=== Begin Enclosure ===
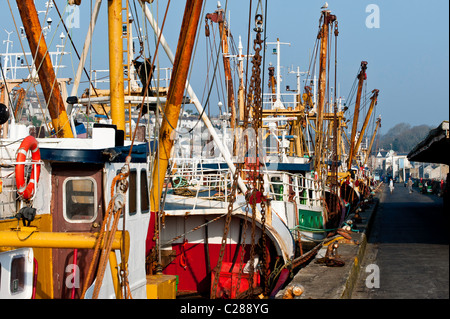 Le port de Newlyn, Penzance, Cornwall, United Kingdom Banque D'Images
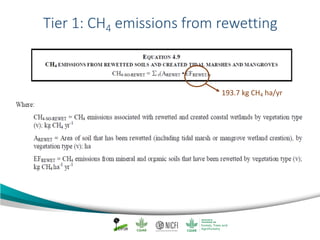 Mangrove emission factors: Navigating chapter 4 - coastal wetlands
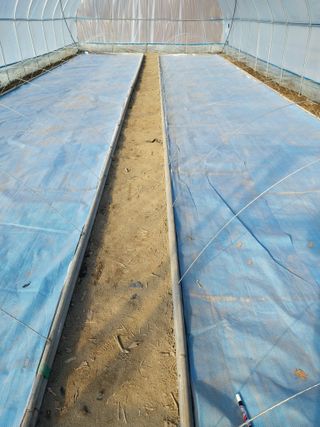 괴산 순정농부님의 자유주제 · 자유게시판 작성글 사진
=== End Enclosure ===
* Required action
The whole listing above must be set down again exactly, but without its images.

* Solution for this problem
 Le port de Newlyn, Penzance, Cornwall, United Kingdom Banque D'Images
 Mangrove emission factors: Navigating chapter 4 - coastal wetlands
 괴산 순정농부님의 자유주제 · 자유게시판 작성글 사진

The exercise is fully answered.